Last week at the groovy health food store in town, the check out clerk asked me, “So… do you get a senior discount?” I stared at her, quizzically. She stared back. I continued to stare. “It’s 55,” she said, this time, with a little bit of doubt in her voice. I continued to look at her then said, “Well, I’m 40… Maybe I’m not getting enough sleep.” I didn’t say this meanly, just kind of astonished. All my life, I’ve had what they call a baby’s face and people always guessed me as being younger. Over the years, and wrinkles, people have come closer to guessing my age. I do love it though when people exclaim, “wait, you’re 40, but your skin….” It’s for the most part, minus 2 deep creases on the forehead, wrinkle free and very, very rosey.

I wasn’t wearing makeup, my dark lines more pronounced.

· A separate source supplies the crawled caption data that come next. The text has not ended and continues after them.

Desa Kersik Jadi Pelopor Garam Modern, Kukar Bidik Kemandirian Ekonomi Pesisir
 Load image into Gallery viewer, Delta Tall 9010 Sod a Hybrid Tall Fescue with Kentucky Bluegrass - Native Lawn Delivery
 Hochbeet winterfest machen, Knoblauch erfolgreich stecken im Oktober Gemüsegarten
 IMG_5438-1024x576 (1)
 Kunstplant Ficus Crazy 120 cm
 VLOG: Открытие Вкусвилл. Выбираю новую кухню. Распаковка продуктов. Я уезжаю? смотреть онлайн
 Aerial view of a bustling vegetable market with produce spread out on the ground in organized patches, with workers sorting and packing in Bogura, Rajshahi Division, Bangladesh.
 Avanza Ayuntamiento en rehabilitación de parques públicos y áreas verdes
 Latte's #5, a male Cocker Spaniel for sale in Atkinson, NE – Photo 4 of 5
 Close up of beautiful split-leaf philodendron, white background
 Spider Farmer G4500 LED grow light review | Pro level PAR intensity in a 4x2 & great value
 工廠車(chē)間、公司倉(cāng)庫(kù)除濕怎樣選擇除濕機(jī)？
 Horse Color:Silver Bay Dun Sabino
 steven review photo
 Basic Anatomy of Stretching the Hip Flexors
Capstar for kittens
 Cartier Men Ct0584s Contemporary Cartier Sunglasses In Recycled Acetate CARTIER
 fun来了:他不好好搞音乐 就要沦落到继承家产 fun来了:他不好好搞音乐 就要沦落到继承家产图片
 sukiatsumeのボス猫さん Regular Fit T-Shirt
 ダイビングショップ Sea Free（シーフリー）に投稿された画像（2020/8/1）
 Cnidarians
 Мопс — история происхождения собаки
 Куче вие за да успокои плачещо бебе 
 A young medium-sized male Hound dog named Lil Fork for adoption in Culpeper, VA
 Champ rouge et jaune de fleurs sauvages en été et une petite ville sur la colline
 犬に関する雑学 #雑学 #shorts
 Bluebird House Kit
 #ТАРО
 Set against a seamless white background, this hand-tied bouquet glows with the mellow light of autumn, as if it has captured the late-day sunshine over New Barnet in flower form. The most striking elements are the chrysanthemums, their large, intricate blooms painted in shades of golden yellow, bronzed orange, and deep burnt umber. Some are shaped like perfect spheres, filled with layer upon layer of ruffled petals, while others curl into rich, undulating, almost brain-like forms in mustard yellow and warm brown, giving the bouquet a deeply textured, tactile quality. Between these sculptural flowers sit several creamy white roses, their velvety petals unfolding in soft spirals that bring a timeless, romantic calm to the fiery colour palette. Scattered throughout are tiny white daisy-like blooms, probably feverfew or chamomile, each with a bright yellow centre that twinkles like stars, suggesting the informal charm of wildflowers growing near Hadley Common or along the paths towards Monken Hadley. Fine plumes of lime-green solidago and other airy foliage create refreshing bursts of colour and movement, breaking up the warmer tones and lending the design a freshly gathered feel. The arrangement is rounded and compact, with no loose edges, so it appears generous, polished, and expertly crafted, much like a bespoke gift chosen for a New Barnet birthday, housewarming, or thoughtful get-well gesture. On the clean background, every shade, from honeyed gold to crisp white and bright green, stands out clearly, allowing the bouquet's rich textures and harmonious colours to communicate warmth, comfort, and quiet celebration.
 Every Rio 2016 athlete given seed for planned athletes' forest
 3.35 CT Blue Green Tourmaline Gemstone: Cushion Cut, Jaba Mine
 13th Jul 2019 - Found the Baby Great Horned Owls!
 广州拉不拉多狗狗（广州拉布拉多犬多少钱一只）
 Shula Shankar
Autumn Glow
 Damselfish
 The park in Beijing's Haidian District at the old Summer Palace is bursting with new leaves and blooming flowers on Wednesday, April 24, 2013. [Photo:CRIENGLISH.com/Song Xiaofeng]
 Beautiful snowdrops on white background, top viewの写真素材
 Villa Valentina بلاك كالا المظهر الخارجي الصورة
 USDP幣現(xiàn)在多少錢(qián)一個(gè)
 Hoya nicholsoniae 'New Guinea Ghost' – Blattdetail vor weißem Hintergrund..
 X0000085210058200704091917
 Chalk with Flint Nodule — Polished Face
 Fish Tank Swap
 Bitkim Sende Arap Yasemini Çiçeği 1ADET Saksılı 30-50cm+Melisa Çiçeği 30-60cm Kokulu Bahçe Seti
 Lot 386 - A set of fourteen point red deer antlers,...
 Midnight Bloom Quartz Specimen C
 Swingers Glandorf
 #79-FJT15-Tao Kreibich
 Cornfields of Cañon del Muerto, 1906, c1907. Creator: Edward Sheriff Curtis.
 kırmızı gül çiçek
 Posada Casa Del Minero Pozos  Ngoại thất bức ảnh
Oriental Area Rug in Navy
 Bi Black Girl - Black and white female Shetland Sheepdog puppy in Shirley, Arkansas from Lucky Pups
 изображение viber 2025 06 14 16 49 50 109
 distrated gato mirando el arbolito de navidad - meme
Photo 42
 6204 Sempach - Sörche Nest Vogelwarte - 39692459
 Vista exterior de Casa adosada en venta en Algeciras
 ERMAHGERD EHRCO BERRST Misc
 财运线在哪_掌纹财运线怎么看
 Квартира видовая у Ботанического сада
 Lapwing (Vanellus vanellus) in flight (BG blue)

After hearing I was 40 the clerk said, “Well, you look young… it’s the gray hair. Some people go gray early.” I bit back saying, “How could you know, when so many people dye their hair?” But there were others in line and not the time, I felt, to delve into the topic. I joked that maybe I should take the discount. “Don’t be offended,” the clerk pleaded. I assured her I wasn’t. Then in the car, I checked myself out in the car mirror. “I do look awful,” I thought. With my hair pulled back, the gray streaked stood out prominently. And the brown sweater did nothing for me either.

The question was, why do I, and I’m not alone, equate looking old as looking, well, crappy?!

As I drove home I briefly thought, maybe I should go back to dying my hair. I had to catch myself. Purposefully, a year and a half ago, still living in L.A., I bravely said, “I’m going to stop dying my hair and get ok with my gray.” Gray hair began speckling my hair since age 24 and I’ve been paranoid about it ever since. And working in the youth-driven Entertainment Industry, stoked this paranoia. I never wanted to go to an interview with my gray roots showing, especially in my mid-thirties. “I can’t wait to have gray hair,” said a twenty-something co-worker once. “I wonder if you’d say that if like me you went gray at your age,” I snorted. “Well, I can’t wait, I think it’s beautiful.” Beautiful? Hrumph. Now I know what Krista was talking about. Now that I see as something pretty and sparkly. But the clerk’s comments did catch me a little. Do I really look 55?

What does 55 or even 40 really look like these days? We see actresses touting 40 who look so – young… Meaning, smooth foreheads, no gray, and toned bodies. I often look at those smooth foreheads wondering, what’s their secret? Do they not stress like I do or is that Botox…

I told a pal about the clerk’s comment. “What? Why would she say that?!,” he responded as if he were defending my honor. “Well, I tried to remember all the times I stuck my foot in my mouth,” I responded, having reasoned that out already in the car. We discussed how you can’t tell age these days and he shared how he went through a hair dying phase. “What, really?,” I said astounded. He’s one of the most self-assured, grounded people I know. Like me, paranoid about his gray and working with younger men, he fell for the trap. Then one day he realized that he was at the age when gray meant mature. Just the other day, though, he checked out the gray hair of the other men in the office wondering, if they are at the same age, where’s their gray. He realized they must be hiding it under dye. Wow.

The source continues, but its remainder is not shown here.